1. First, the UE has to synchronize with the network at the frame and slot level.

·      The Primary Synchronization Signal is responsible for slot synchronization.

·      The Synchronization Signal are sent only on time slots(1st and 11th) of each frame.

·       PSS is send at the last OFDM symbol of the 1st and 11th slot of each frame.

Query_1: How does UE know to look for the PSS synchronization signal?

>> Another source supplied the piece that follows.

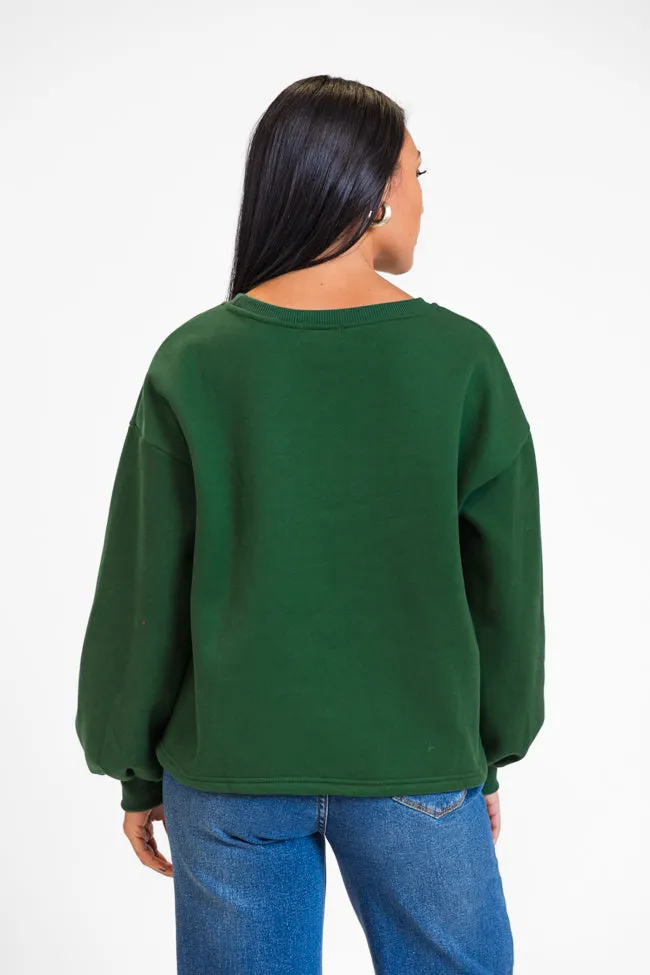 All Tied Up Green Plaid Bow Sweatshirt FINAL SALE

Well, UE doesn't need to worry much for this. As, the synchronization signal are always sent only on the center 62 sub carriers irrespective of the  channel bandwidth (1.25,3,5,10,20). Therefore, UE will look for the central sub carriers, i.e at the last OFDM symbol of the 1st time slot and again at the last OFDM symbol of the 11th slot. With this UE synchronizes at the slot level.

·      The Secondary Synchronization Signal is responsible for frame synchronization.

·       Using both these signals, the UE derives the Physical Cell ID of the corresponding cell.

Query_2: How does UE know to look for the SSS synchronization signal?

Once, when the PSS is identified, SSS is always send at the slot before the PSS is present. In other words, SSS immediately precedes the PSS.

Let's see how the UE derives the Cell ID using these two signals:

From PSS: PHYSICAL LAYER CELL IDENTITY is derived. It carries the value of 0, 1 and 2.
From SSS: PHYSICAL LAYER CELL IDENTITY GROUP is derived. It can take the value to 0 to 167.

Formula:
Cell ID= (3*PHYSICAL LAYER CELL IDENTITY GROUP) + PHYSICAL LAYER CELL IDENTITY

2. Once the UE synchronizes with the network, it proceeds to read MIB and then requires the following info for camping on a cell:

·      PLMN id

·      Tracking Area Id

·      Cell Id

·      Radio and Core n/w capabilities (for it's n/w selection)

3. The above information is being broadcast by the network in order to help the UE for it's selection process.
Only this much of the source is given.